One where setup is not the hobby. Website builders like Squarespace and Wix get you a clean general-purpose site in an afternoon, and hosted platforms take even the template work away. TravelFeed is the travel-specific option here — maps, trip-friendly posts and an existing community of travel readers, with no maintenance (we build it, so weigh our bias). Self-hosted WordPress is the wrong first platform unless tinkering with servers and plugins sounds like fun rather than homework.

Can I use Polarsteps as a travel blog?

Not really — and it doesn't claim to be one. Polarsteps is a trip tracker: it records your route automatically and turns it into a beautiful map with photo stops, which is exactly right for sharing a trip with people you know. But there's no custom domain, no long-form archive designed for readers who don't know you, and no way to earn; its terms treat use as personal and non-commercial.

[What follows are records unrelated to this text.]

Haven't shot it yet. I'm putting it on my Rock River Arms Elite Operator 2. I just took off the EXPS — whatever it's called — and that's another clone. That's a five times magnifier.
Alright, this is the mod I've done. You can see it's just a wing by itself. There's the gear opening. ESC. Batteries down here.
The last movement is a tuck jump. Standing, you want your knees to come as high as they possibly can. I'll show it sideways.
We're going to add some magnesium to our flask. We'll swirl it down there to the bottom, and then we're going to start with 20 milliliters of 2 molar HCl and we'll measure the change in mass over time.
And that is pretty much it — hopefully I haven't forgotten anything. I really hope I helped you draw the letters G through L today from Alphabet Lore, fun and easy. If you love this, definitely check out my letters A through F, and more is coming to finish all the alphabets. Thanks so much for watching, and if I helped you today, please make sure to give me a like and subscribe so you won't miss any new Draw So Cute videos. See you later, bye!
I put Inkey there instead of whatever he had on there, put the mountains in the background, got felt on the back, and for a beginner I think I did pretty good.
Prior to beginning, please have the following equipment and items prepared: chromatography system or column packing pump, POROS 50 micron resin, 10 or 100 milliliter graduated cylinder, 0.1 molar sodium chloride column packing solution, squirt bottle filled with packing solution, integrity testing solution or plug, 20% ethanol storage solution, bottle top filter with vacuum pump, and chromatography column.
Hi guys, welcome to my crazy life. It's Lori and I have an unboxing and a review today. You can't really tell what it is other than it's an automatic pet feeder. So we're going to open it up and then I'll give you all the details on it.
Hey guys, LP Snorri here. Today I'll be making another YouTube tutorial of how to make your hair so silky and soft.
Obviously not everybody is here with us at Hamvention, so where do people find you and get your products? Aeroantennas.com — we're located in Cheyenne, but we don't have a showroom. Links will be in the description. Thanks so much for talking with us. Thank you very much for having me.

If you want your travels to live at your own address and be found on Google, you want a blog — possibly alongside Polarsteps, not instead of it.

Which platform is best for making money with a travel blog?

The honest answer: the platform matters less than traffic, and most travel blogs never earn much either way. Self-hosted WordPress gives maximum monetization flexibility (any ad network, any affiliate setup) in exchange for maximum maintenance. Ghost and Substack are built for paid subscriptions, which suit newsletters better than destination guides. TravelFeed pays from the first post through built-in rewards and takes no cut of your affiliate income. Whatever you pick, expect monetization to follow traffic by months or years, not weeks.